Bizarre(?) per-pixel alpha vs. no alpha benchmark results (0/1)

I benchmarked (code attached) blitting a 128x128 sprite
(attached) with and without per pixel alpha information
under PyGame. On each frame, I clear the 640x480 screen
with the background color via fill(), then blit the
sprite 4 times. The results are quite interesting:

640x480 windowed 16-bit 32-bit===============================================
plain opaque blit: 70 fps 47 fps
per pixel alpha : 80 fps (!) 49 fps
per pixel alpha + RLEACCEL: 93 fps (!) 55 fps

Comment: Why is p.p. Alpha blit faster in
windowed modes? Does this mean that there
will not be much benefit gained from optimizing
the alpha blending routines (like say, using
MMX)?

120Hz 640x480 16-bit full screen, SWSURFACE
DOUBLEBUF no DOUBLEBUF

plain opaque blit: 120 fps 71 fps (!)
per pixel alpha : 24 fps(!) 80 fps
per pixel alpha + RLEACCEL: 30 fps(!) 95 fps

Comment: Why does using double-buffering impose
such a huge performance hit on the alpha blending and
at the same time INCREASE the performance of the
plain opaque blit?!? Could this be an artifact of
using PyGame? 640x480 32-bit mode exhibited analogous
behavior. No tearing visible in all tests.

120Hz 640x480 16-bit full screen, HWSURFACE
DOUBLEBUF no DOUBLEBUF

plain opaque blit: 120 fps / 146 fps
per pixel alpha : 23 fps / 25 fps
per pixel alpha + RLEACCEL: 35 fps / 35 fps

Comment: Severe tearing when not using DOUBLEBUF, even
when the fps was way below the refresh rate as in the
case of the alpha blits!
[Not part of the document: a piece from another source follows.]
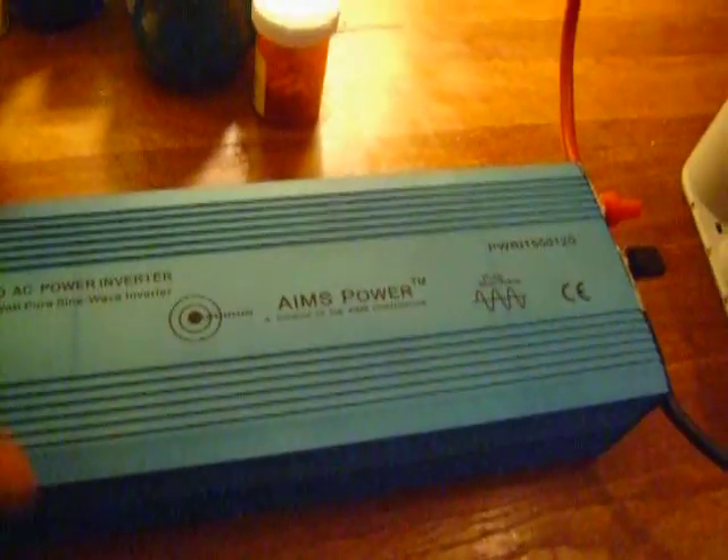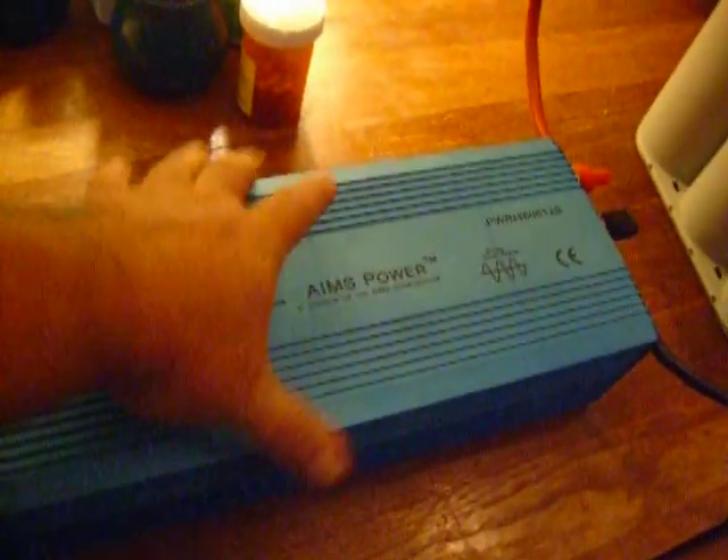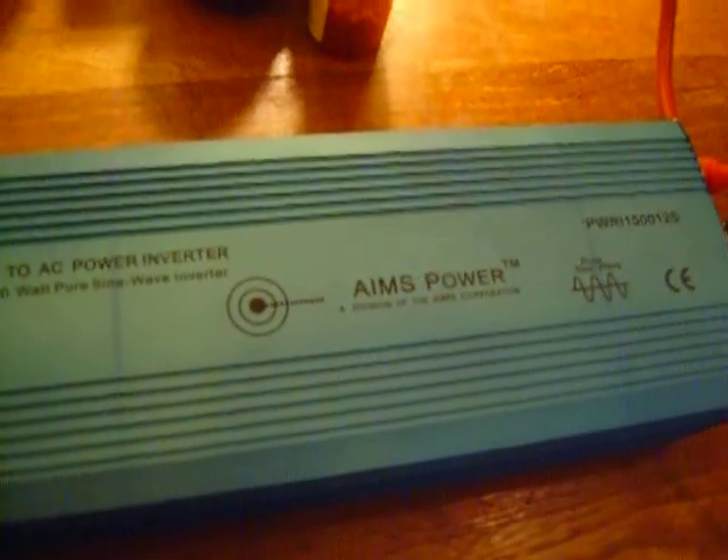I want to wrap this little video up. Thanks for watching. It's real small but it's pretty efficient. And it's a pure sine wave, so I don't think there'll be any problems with it. It's an Ames. It's only supposed to be about a month old — it was only used for about a month by my previous owner, so I think it'll be alright.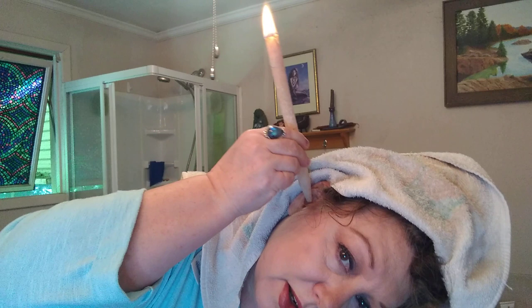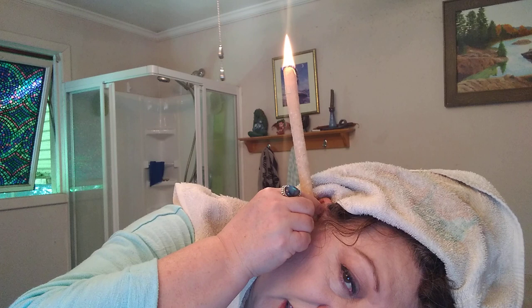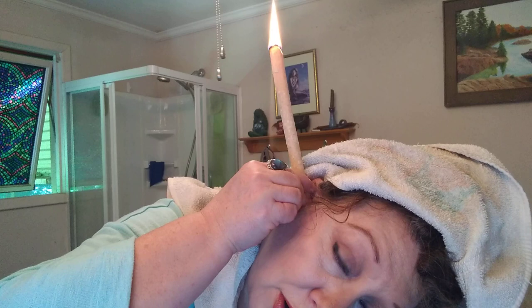I'll do a little demonstration — I've got an old towel here and I'm going to drape it over my hair, just leaving my ear out. Light the tip. Tilt your head because you want that to burn evenly, and you can actually hear the air coming through your ear — pulling, drawing. You can feel the draw of it. You're going to burn that all the way to about there. You want it to be a safe distance — you don't want to get those flames anywhere near your hair or the towel.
Why would using HWSURFACE
create tearing? 32-bit results analogous to 16-bit
ones.

Notes

  1. Enabling RLEACCEL made no difference for all the
    plain opaque blits.
  2. In windowed mode, HWSURFACE doesn’t seem to have
    an effect even if i use a low-res mode like 800x600.
    Considering I’m using a 16MB Voodoo3, shouldn’t
    there be plenty of video memory to store the sprite
    in?

Details on the sprite image I used

They come from the same image generated under
Photoshop. One was saved as a Targa (with alpha
channel) and the other is a PNG (Photoshop 6 does
not export alpha channel for PNGs), otherwise
identical. I’ve included it the PNG version to
show the background pixel to non-background pixel
ratio as well as the alpha channel in grayscale
PNG.

My setup

DirectX 8
Win2K SP1
16MB Voodoo3 AGP
120Hz refresh at 640x480 fullscreen

640x480 windowed 16-bit 32-bit

plain opaque blit: 70 fps 47 fps
per pixel alpha : 80 fps (!) 49 fps
per pixel alpha + RLEACCEL: 93 fps (!) 55 fps

this means nothing to me unless you provide code for what you are
doing (in C please). Also provide information about the SDL video
driver you are using (DirectX or DIB), and a link to your images

Comment: Severe tearing when not using DOUBLEBUF, even
when the fps was way below the refresh rate as in the
case of the alpha blits! Why would using HWSURFACE
create tearing? 32-bit results analogous to 16-bit
ones.

tearing is caused by interaction of CRT refresh with your drawing.
DOUBLEBUF means “use hardware page-flipping” and shouldn’t have any
significance with software surfaces

640x480 windowed 16-bit 32-bit

plain opaque blit: 70 fps 47 fps
per pixel alpha : 80 fps (!) 49 fps
per pixel alpha + RLEACCEL: 93 fps (!) 55 fps

120Hz 640x480 16-bit full screen, SWSURFACE
DOUBLEBUF no DOUBLEBUF

plain opaque blit: 120 fps 71 fps (!)
per pixel alpha : 24 fps(!) 80 fps
per pixel alpha + RLEACCEL: 30 fps(!) 95 fps

My first reflection: “Someone is reading VRAM here…”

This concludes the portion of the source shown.